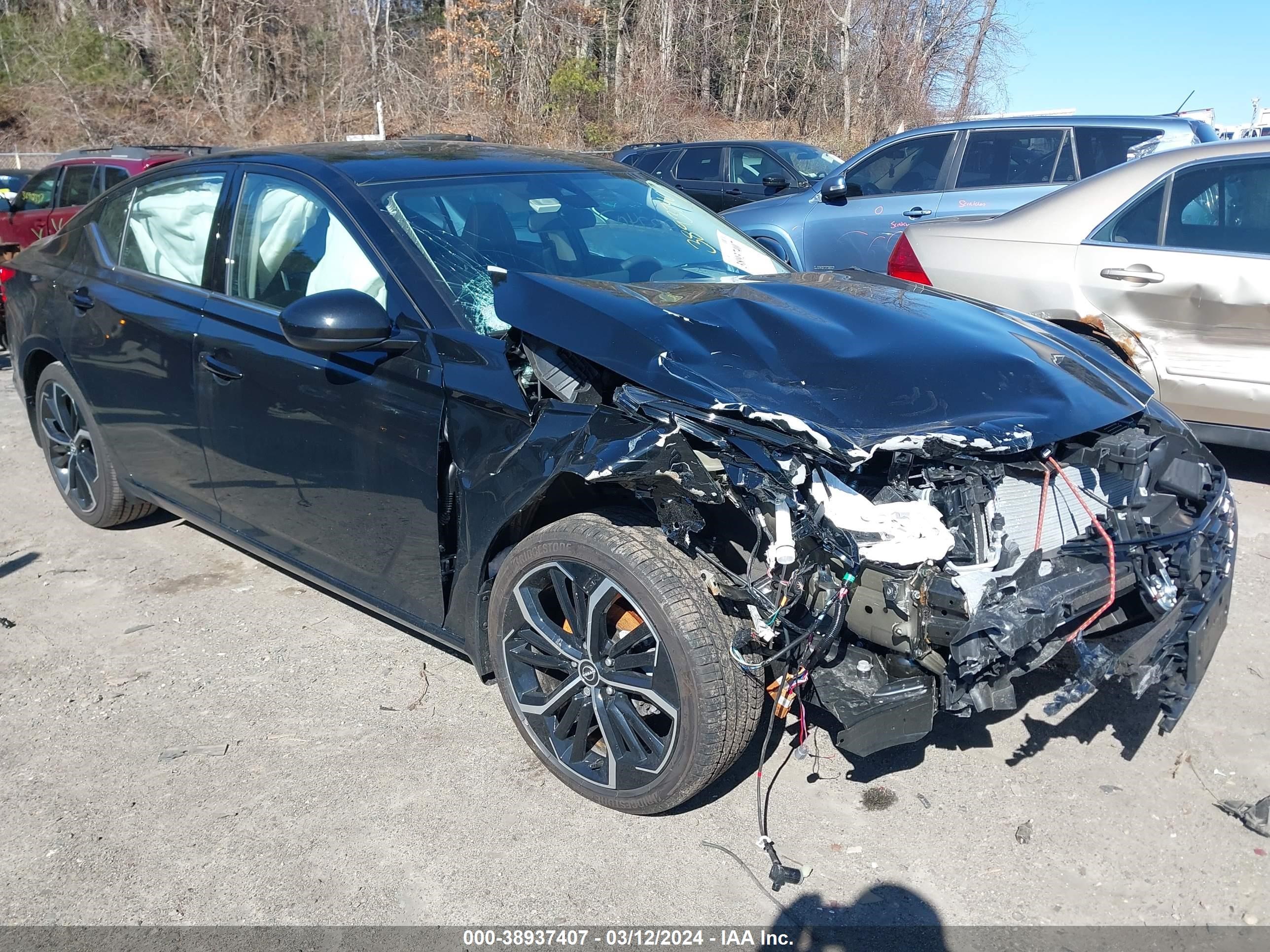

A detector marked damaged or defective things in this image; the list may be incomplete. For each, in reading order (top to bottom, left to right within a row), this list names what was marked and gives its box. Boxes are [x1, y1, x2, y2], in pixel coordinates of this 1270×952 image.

cracked windshield [365, 172, 785, 335]
damaged hood [493, 270, 1152, 459]
torn fender [491, 268, 1160, 461]
severe front-end damage [459, 268, 1238, 761]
————————
Give the entries again exactly. Pictures stay out.

**Problem solution:**
A detector marked damaged or defective things in this image; the list may be incomplete. For each, in reading order (top to bottom, left to right within a row), this list names what was marked and gives its box. Boxes are [x1, y1, x2, y2], in pixel coordinates of this 1270×952 image.

cracked windshield [365, 172, 785, 335]
damaged hood [493, 270, 1152, 459]
torn fender [491, 268, 1160, 461]
severe front-end damage [459, 268, 1238, 761]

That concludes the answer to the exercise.